It seems like the above is how setuptools-scm has behaved since v7. Pinning setuptools-scm==6.4.2 (latest v6.x) in [build-system] seems to work and not show the error, but if this is expected, it's probably better to live with the error?

Alternatively, maybe build or hatchling is intending to work against an actual git archive instead of the working directory, but is somehow winding up on the actual working directory, or a copy of it instead?

@Mr0grog
Copy link
Member

Mr0grog commented Dec 2, 2023

I’m also noticing setuptools_scm excludes the file in their own project’s MANIFEST.in: https://github.com/pypa/setuptools_scm/blob/83d5e1479970a3ea559fe11553e9350ae694e91c/MANIFEST.in#L4

@Mr0grog
Copy link
Member

Mr0grog commented Dec 2, 2023

Also, they put one that does get included in src/setuptools_scm. If we do the same, there’s no warning. (Of course, it might not find it where it’s looking in an actual archive then, either? Seems weird.)

Anyway, I’m done for the day. Hopefully some of the above will be useful for you.

@danielballan
Copy link
Contributor Author

danielballan commented Dec 2, 2023

I’m new to build, but is it correct that it’s making a second isolated environment and building a wheel even though it already built an sdist and a wheel?

Yes. From python -m build --help:

By default, a source distribution (sdist) is built from {srcdir}
and a binary distribution (wheel) is built from the sdist.
This is recommended as it will ensure the sdist can be used
to build wheels.

Pass -s/--sdist and/or -w/--wheel to build a specific distribution.
If you do this, the default behavior will be disabled, and all
artifacts will be built from {srcdir} (even if you combine
-w/--wheel with -s/--sdist, the wheel will be built from {srcdir}).

If you are looking at a live git repo, not an archive, it seems like this is probably fine, and is maybe expected operation.

This possibility occurred to me. Maybe this is fine....

@danielballan danielballan force-pushed the can-we-drop-setuppy-lets-find-out branch from aeb9844 to a150311 Compare December 2, 2023 02:31
@danielballan
Copy link
Contributor Author

CI failures are related to cache key:

error computing cache key: template: cacheKey:1:35: executing "cacheKey" at <checksum "requirements.txt">: error calling checksum: open /home/circleci/wayback/requirements.txt: no such file or directory

and version not being set:

wayback/__init__.py:1: in <module>
    from ._version import __version__, __version_tuple__  # noqa: F401
E   ImportError: cannot import name '__version__'
=========================== short test summary info ============================
ERROR  - ImportError: cannot import name '__version__'

Locally, the version is being set as expected:

>>> import wayback
>>> wayback.__version__
'0.4.5.dev4+ga150311'

@Mr0grog
Copy link
Member

Mr0grog commented Dec 3, 2023

I updated the cache key and build script in .circleci/config.yml, which mostly fixed all the CI failures. The one remaining thing is that check-wheel-contents is failing on some VCR cassette files that are duplicates:

Checking dist/wayback-0.4.5.dev7+g289355e.d20231203-py3-none-any.whl: PASSED
Checking dist/wayback-0.4.5.dev7+g289355e.d20231203.tar.gz: PASSED
dist/wayback-0.4.5.dev7+g289355e.d20231203-py3-none-any.whl: W002: Wheel contains duplicate files:
  wayback/tests/cassettes/test_get_memento_handles_non_utc_datetime.yaml
  wayback/tests/cassettes/test_get_memento_with_string_datetime.yaml

I think we didn’t have that error before because we excluded test files with:

[tool.setuptools.packages.find]
where = ["."]
exclude = ["docs", "tests"]

So this either needs the equivalent config for Hatchling or config for check-wheel-contents to skip the cassette files.

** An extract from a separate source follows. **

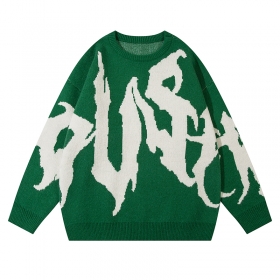 Трендовый зеленый свитер от YL BOILING с круглым вырезом горловины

I think it’s probably better to continue not including test files, but I don’t have especially strong feelings about it. Either approach is probably OK if you have strong feelings the other way.

@Mr0grog
Copy link
Member

Mr0grog commented Dec 4, 2023

I’m new to build, but is it correct that it’s making a second isolated environment and building a wheel even though it already built an sdist and a wheel?

Yes. From python -m build --help:

Yeah, I had read that, and was reacting to the text:

By default, a source distribution (sdist) is built from {srcdir} and a binary distribution (wheel) is built from the sdist.

While the log output made it look like it was building once from the sdist and then again from source:

* Building wheel from sdist
...
* Building wheel...

But I just started digging into the warning on a simplified repo using setuptools instead of hatchling, and setuptools does a lot more logging — I can see now that the * Building wheel... log line is part of the * Building wheel from sdist code path, not a second, separate build, which is what I had thought it was before.

@Mr0grog
Copy link
Member

Mr0grog commented Dec 4, 2023

That also makes it clearer what’s causing the warning, and why we only see it when doing build . and not during build --sdist or build --wheel:

  1. Build builds an sdist from the working directory. setuptools-scm finds the version from git — no problem, no warnings.

  2. To build the wheel, build unpacks the sdist into a temp directory, and then builds a wheel. When it tiggers setuptools-scm on the unpacked sdist, it’s not in a git checkout anymore (so can’t get info from git) so it looks at .git_archival.txt. But since the sdist was not packed up by doing git archive, that file doesn’t have any git metadata in it, and so setuptools-scm logs the warning.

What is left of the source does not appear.